## Instructions to follow
Go to the line below that contains "Volkswagen Tiguan 1.5". From there to the end of the records, reproduce each line exactly, except the pictures.

Dataset excerpts Block Start

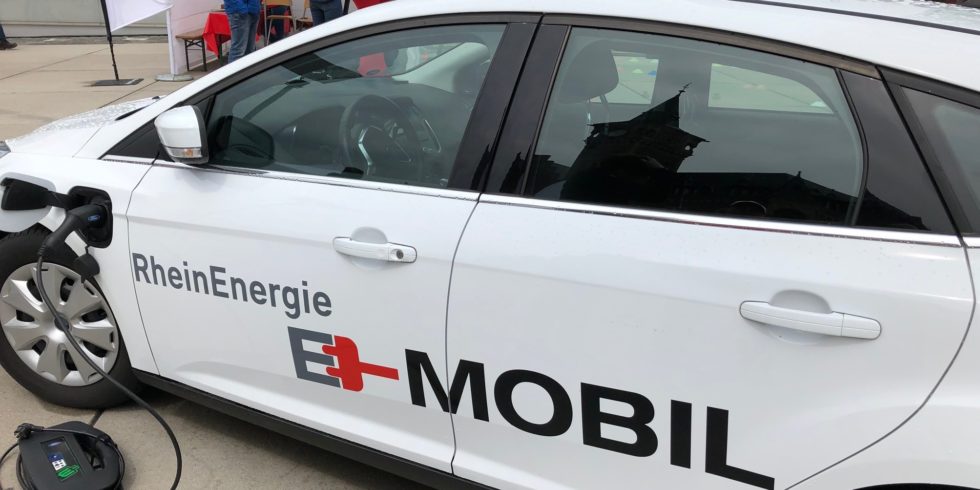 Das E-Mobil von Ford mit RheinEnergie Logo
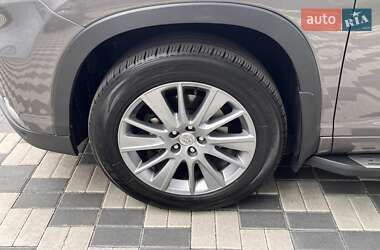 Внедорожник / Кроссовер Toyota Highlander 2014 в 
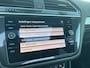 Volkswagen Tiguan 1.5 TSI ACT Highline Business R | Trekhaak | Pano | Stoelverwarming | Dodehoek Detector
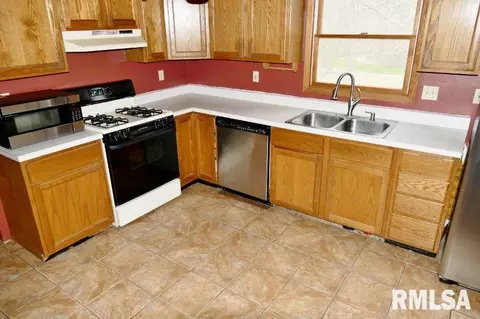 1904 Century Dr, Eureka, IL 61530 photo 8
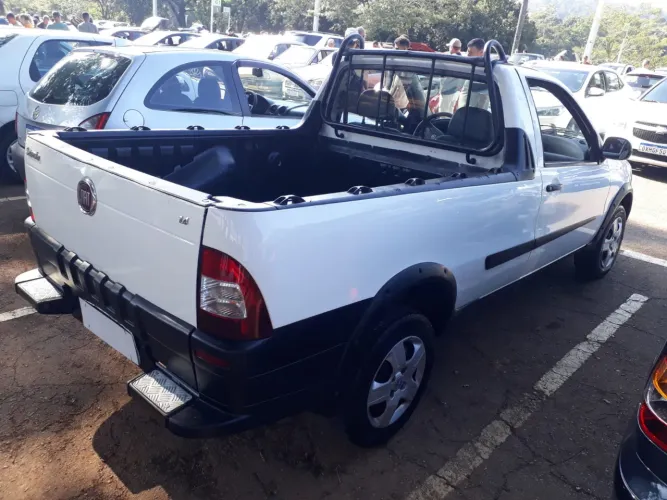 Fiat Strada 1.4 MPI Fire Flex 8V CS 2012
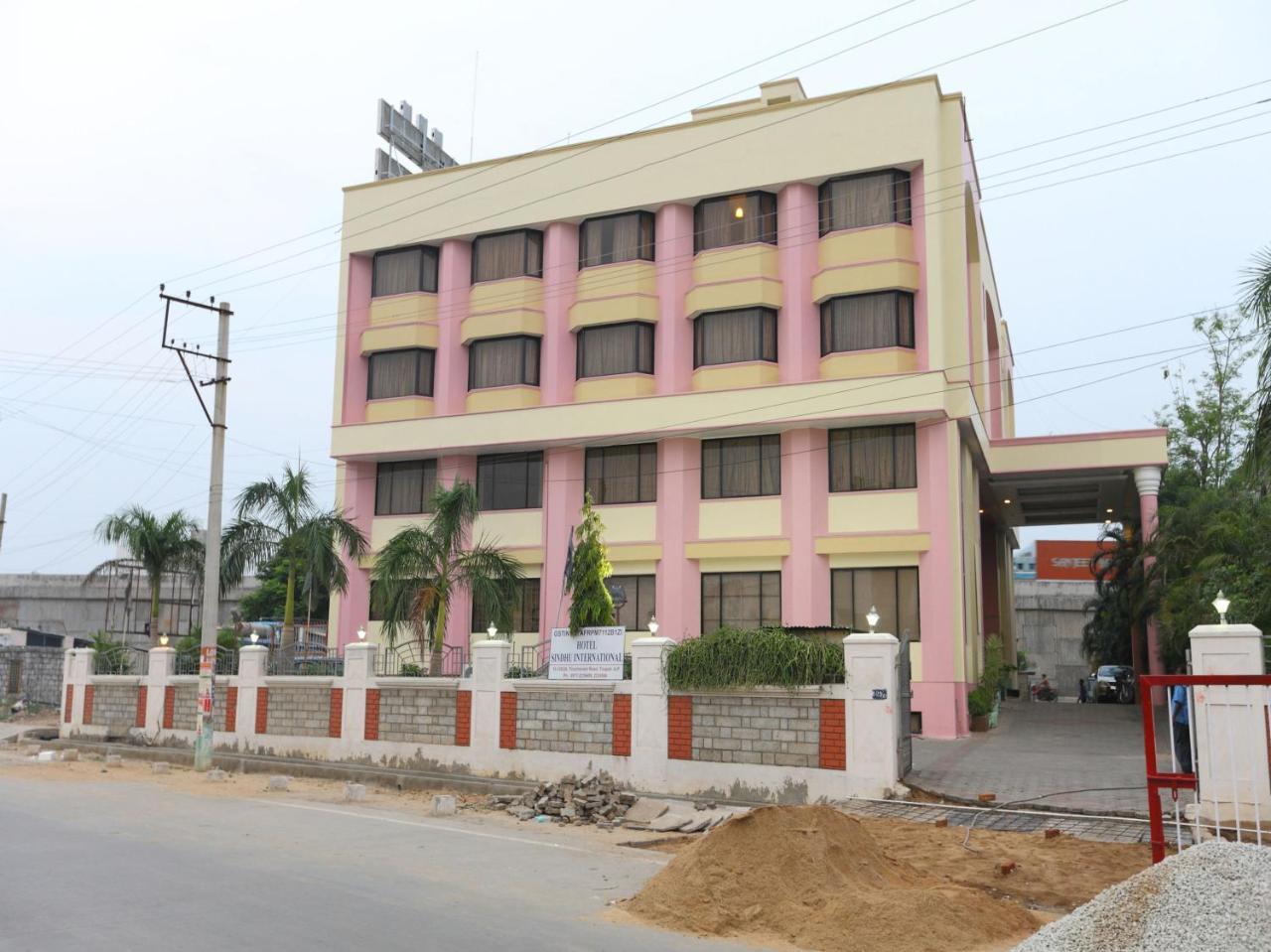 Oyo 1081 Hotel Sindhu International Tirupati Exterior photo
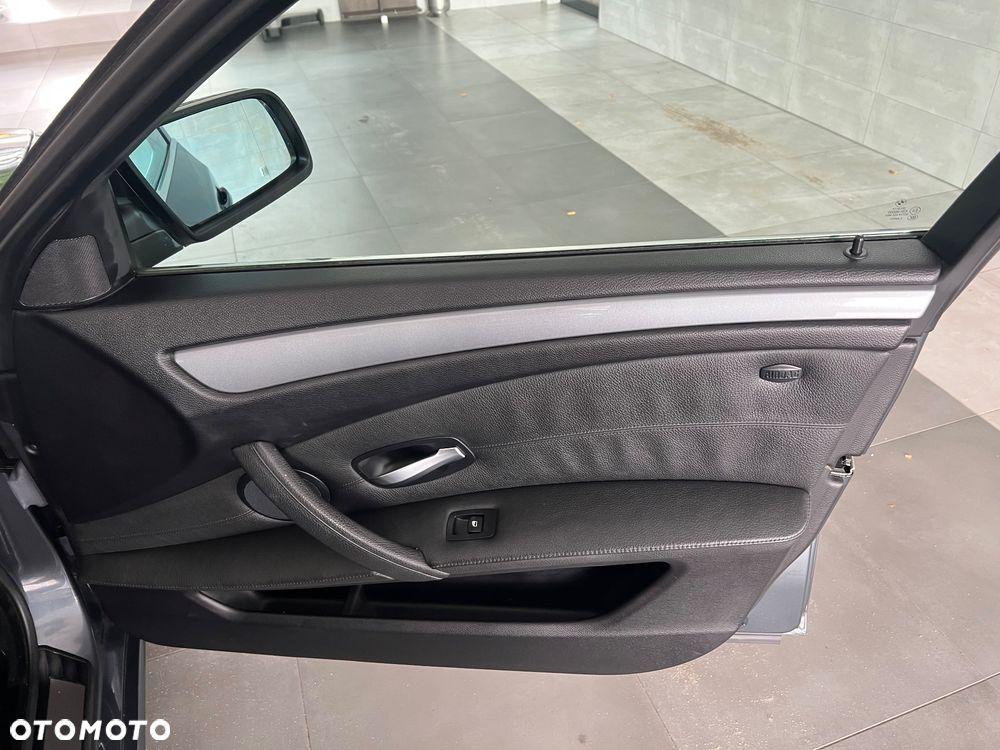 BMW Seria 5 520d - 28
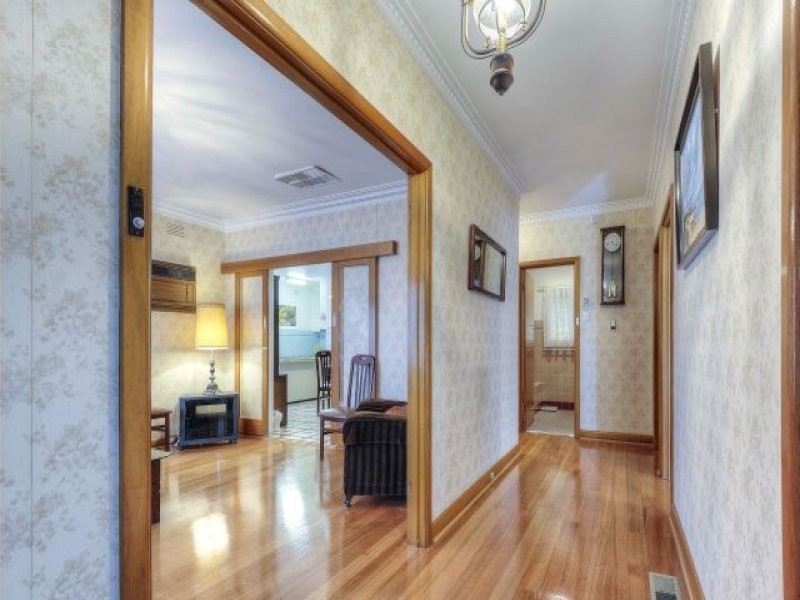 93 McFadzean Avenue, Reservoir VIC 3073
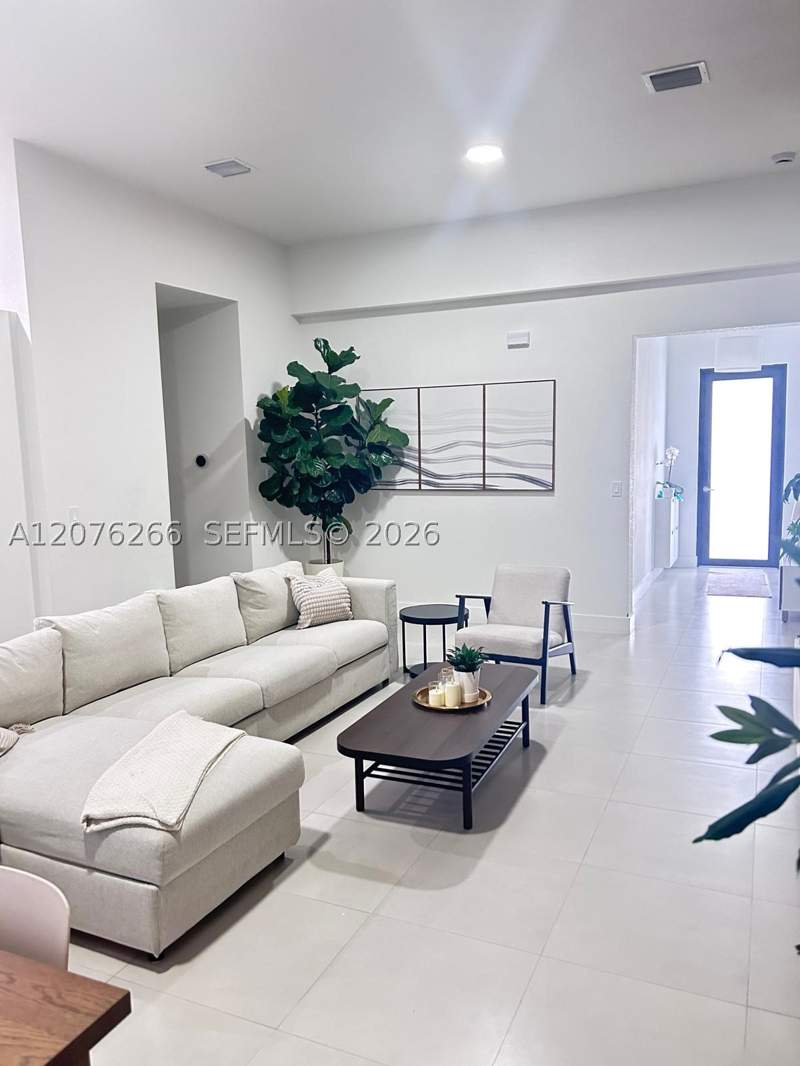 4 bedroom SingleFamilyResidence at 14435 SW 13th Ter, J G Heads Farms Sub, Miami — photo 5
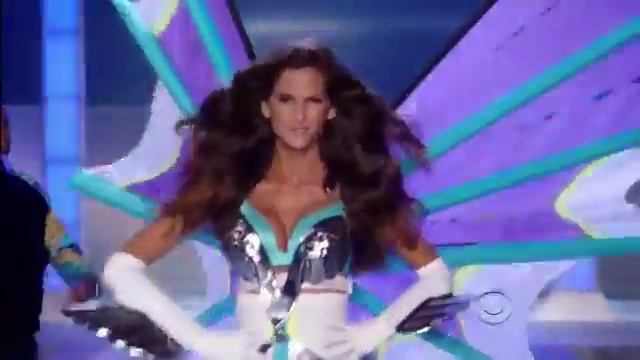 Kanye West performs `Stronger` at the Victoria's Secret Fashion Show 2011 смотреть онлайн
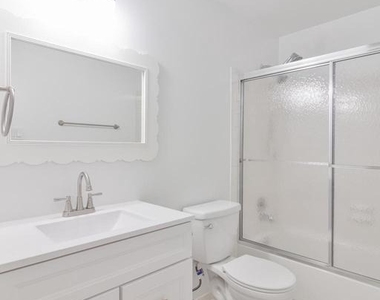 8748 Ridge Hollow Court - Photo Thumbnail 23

Dataset excerpts Block End

## Problem solution
 Volkswagen Tiguan 1.5 TSI ACT Highline Business R | Trekhaak | Pano | Stoelverwarming | Dodehoek Detector
 1904 Century Dr, Eureka, IL 61530 photo 8
 Fiat Strada 1.4 MPI Fire Flex 8V CS 2012
 Oyo 1081 Hotel Sindhu International Tirupati Exterior photo
 BMW Seria 5 520d - 28
 93 McFadzean Avenue, Reservoir VIC 3073
 4 bedroom SingleFamilyResidence at 14435 SW 13th Ter, J G Heads Farms Sub, Miami — photo 5
 Kanye West performs `Stronger` at the Victoria's Secret Fashion Show 2011 смотреть онлайн
 8748 Ridge Hollow Court - Photo Thumbnail 23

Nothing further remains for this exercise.